Sekretaris Jenderal Hizbullah, Sheikh Naim Qassem, melontarkan pernyataan keras mengecam rencana Presiden Amerika Serikat, Donald Trump, yang dianggapnya sebagai upaya berbahaya untuk memusnahkan Palestina dan rakyatnya. Dalam sebuah pidato pada hari Minggu di peringatan para pemimpin gerakan perlawanan Hizbullah Lebanon yang gugur, Qassem menegaskan bahwa posisi Trump terkait Palestina dan Gaza merupakan ancaman serius.
“Posisi Trump terhadap Palestina dan Gaza sangat berbahaya. Mereka bertujuan untuk melenyapkan perjuangan Palestina di tingkat politik. Ini adalah awal dari proses politik untuk menghilangkan warga Palestina,” ungkap Qassem dengan tegas. Ia menilai bahwa rencana pemindahan paksa warga Gaza yang diusulkan Trump muncul seiring kegagalan Perdana Menteri Israel, Benjamin Netanyahu, dalam mencapai tujuan militernya di wilayah tersebut.
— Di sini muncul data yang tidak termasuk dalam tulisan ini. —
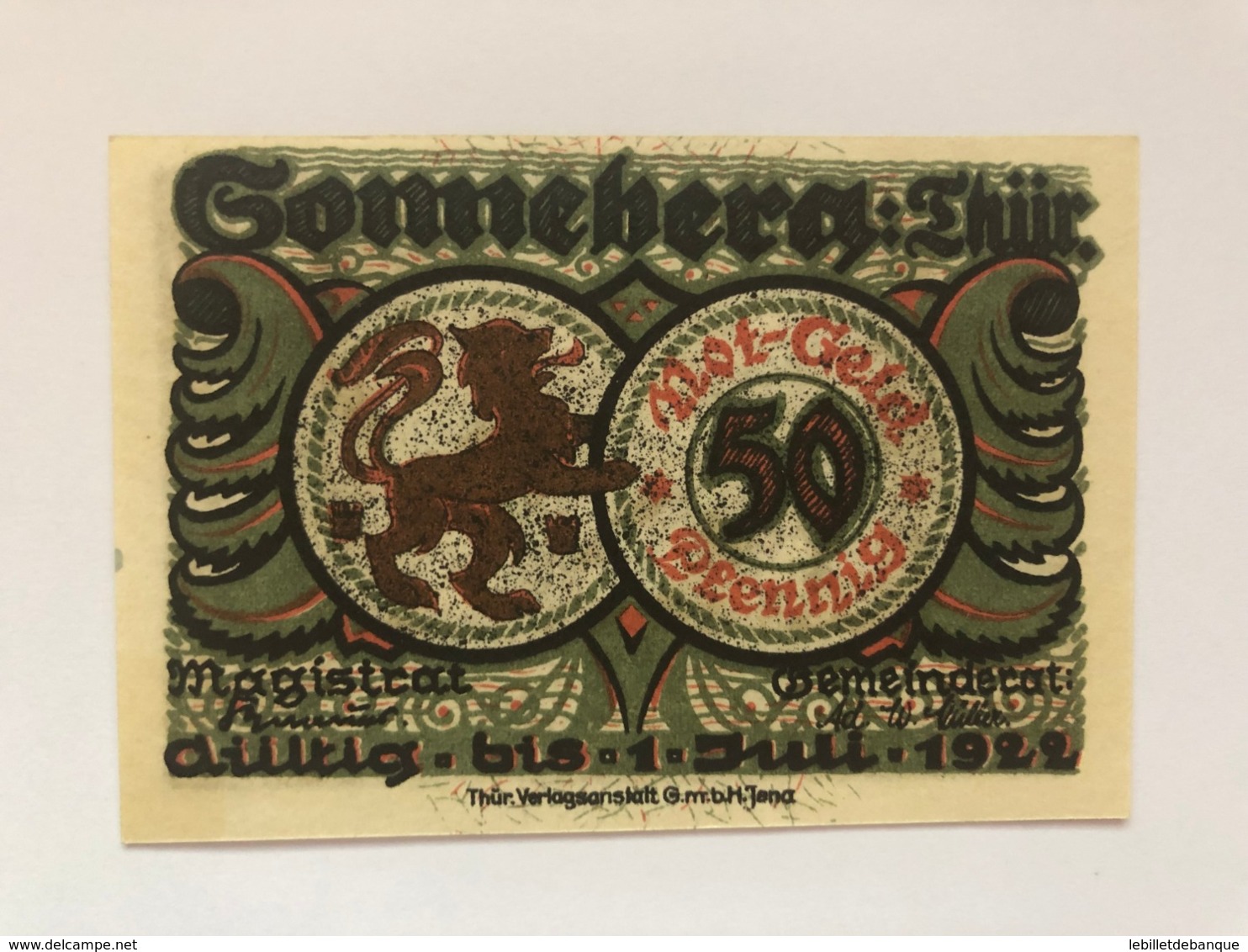 Allemagne Notgeld Sonneberg 50 Pfennig - Collections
Rencana tersebut, menurut Qassem, tidak hanya berpotensi merugikan Palestina, tetapi juga menimbulkan ancaman bagi seluruh negara-negara Arab dan Islam. Ia menyerukan pada dunia internasional agar tidak tinggal diam dan mengabaikan rencana yang dapat mengubah tatanan sosial dan politik di kawasan. “Diamnya dunia Arab dan masyarakat internasional berpotensi membantu mewujudkan rencana ini,” kata Qassem.
Dalam konteks ini, Qassem menekankan bahwa Hizbullah berkomitmen untuk berkolaborasi dengan pihak-pihak yang berusaha menghentikan pemindahan rakyat Palestina. “Kami sangat menentang pemindahan warga Palestina ke lokasi lain di dunia,” tegasnya, menandaskan pentingnya dukungan dari negara-negara Arab dan Islam dalam menghadapi skenario tersebut.
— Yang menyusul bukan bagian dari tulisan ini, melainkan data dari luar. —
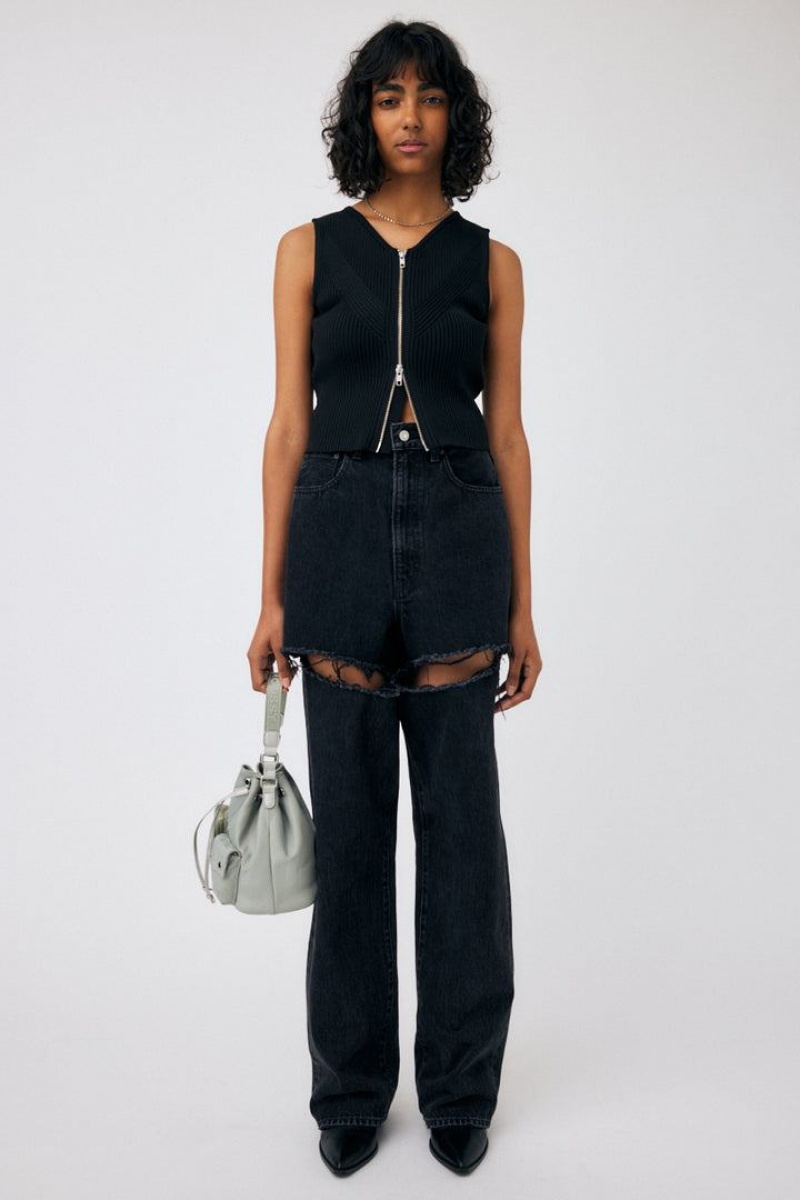 Dámské Vesta Moussy Zip Up Rib Knit Top Černé | IVX7870CG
Pernyataan dari pemimpin Hizbullah ini disampaikan setelah Trump mengungkapkan rencana kontroversialnya dalam sebuah konferensi pers bersama Netanyahu di Washington pada 4 Februari. Meskipun mendapat reaksi keras dari banyak kalangan, Trump tetap pada pendiriannya dan menegaskan bahwa warga Palestina yang meninggalkan Gaza tidak akan memiliki hak untuk kembali setelah wilayah tersebut berada di bawah kendali AS.
Pengamat politik dan para analis melihat rencana Trump sebagai bagian dari upaya yang lebih besar untuk merubah dinamika geopolitik di Timur Tengah, termasuk memberikan dukungan kuat terhadap Israel. Dalam pandangan Qassem, langkah ini didorong langsung oleh AS yang berusaha memperkuat posisi Israel di kawasan dengan mengorbankan hak-hak Palestina.
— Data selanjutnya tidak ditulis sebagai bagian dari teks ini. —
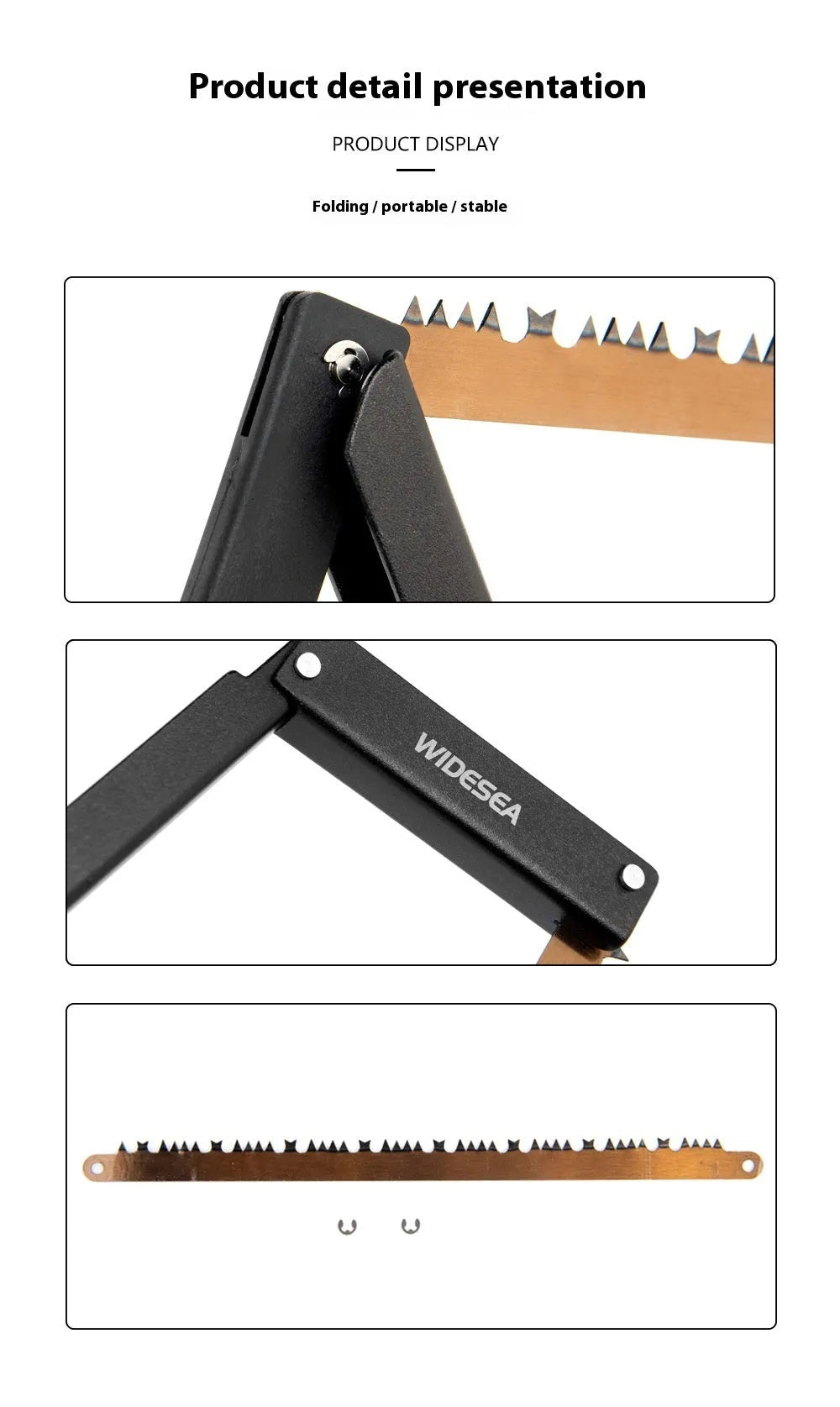 Black outdoor foldable survival saw with aluminium handle shown in open and closed positions.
Banyak pakar menyebut rencana ini sebagai langkah yang sangat berisiko. Pemindahan paksa penduduk bukanlah solusi untuk menyelesaikan konflik yang telah berlangsung lama ini, melainkan dapat memicu lebih banyak kekerasan dan ketidakstabilan di kawasan. Pendekatan unilateral AS terhadap isu Gaza dan Palestina menimbulkan kekhawatiran tentang munculnya ketegangan baru di mata dunia internasional.
Sementara itu, negara-negara Arab dan komunitas internasional sedang memantau perkembangan ini dengan seksama. Menyusul pernyataan Hizbullah, beberapa negara, termasuk Mesir, sudah mulai menyiapkan rencana untuk membangun kembali Gaza sebagai respons terhadap kekacauan yang terjadi akibat serangan Israel baru-baru ini.
Dalam situasi yang semakin kompleks ini, Hizbullah menekankan pentingnya solidaritas antarnegara Islam dalam menghadapi ancaman tersebut. Qassem menyerukan agar pemerintah Arab dan Islam aktif menolak dan melawan rencana pemindahan warga Palestina, serta memperkuat dukungan bagi perjuangan mereka dalam mempertahankan hak-hak dan tanah air mereka.
Rencana Trump untuk Gaza menunjukkan bahwa konflik Palestina-Israel masih menjadi fokus utama perhatian dunia. Keberlangsungan dan keadilan bagi rakyat Palestina kini lebih dari sekadar masalah regional; ia merupakan isu kemanusiaan yang memerlukan perhatian serius dari semua pihak demi menciptakan perdamaian yang berkelanjutan.